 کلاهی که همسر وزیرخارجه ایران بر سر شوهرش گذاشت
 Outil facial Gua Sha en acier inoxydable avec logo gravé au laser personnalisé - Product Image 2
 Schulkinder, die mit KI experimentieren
...
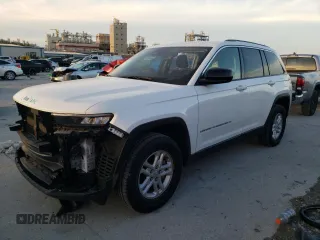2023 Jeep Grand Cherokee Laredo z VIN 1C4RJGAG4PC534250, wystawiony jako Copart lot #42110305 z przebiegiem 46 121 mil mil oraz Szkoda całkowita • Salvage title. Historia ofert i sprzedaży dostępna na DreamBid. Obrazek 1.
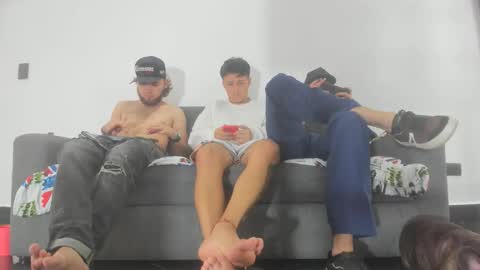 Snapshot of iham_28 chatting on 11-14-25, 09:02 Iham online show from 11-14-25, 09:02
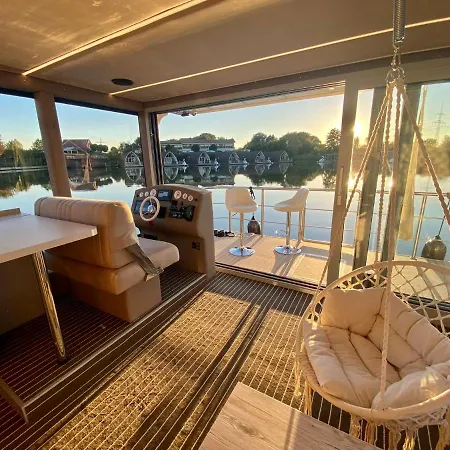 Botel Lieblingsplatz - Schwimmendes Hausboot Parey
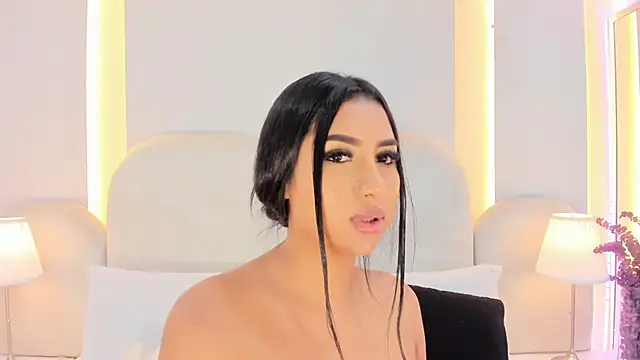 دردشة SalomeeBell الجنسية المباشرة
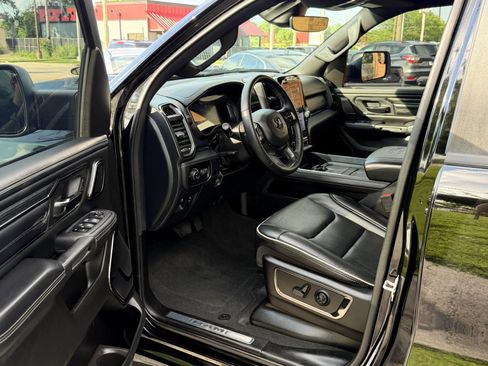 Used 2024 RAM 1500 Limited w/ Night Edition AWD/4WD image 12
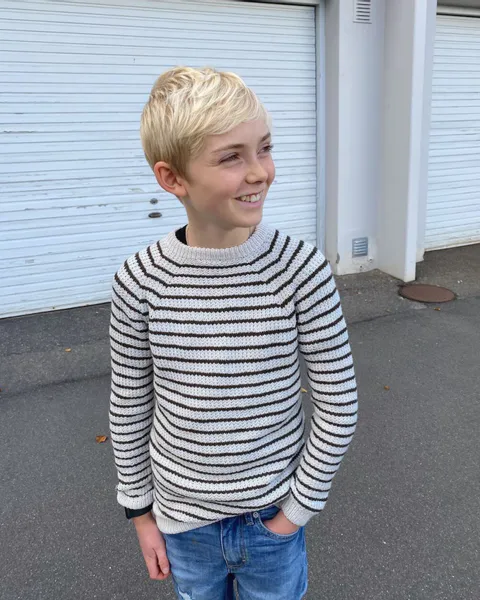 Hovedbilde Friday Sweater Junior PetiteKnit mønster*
* * *
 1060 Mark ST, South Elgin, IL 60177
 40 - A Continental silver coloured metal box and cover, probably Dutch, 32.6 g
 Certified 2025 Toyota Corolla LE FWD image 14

Task to carry out: The answer should consist only of the lines above from the one with "Snapshot of iham_28" through the one with "Hovedbilde Friday Sweater", repeated exactly, with no pictures among them.

Exercise response:
 Snapshot of iham_28 chatting on 11-14-25, 09:02 Iham online show from 11-14-25, 09:02
 Botel Lieblingsplatz - Schwimmendes Hausboot Parey
 دردشة SalomeeBell الجنسية المباشرة
 Used 2024 RAM 1500 Limited w/ Night Edition AWD/4WD image 12
 Hovedbilde Friday Sweater Junior PetiteKnit mønster*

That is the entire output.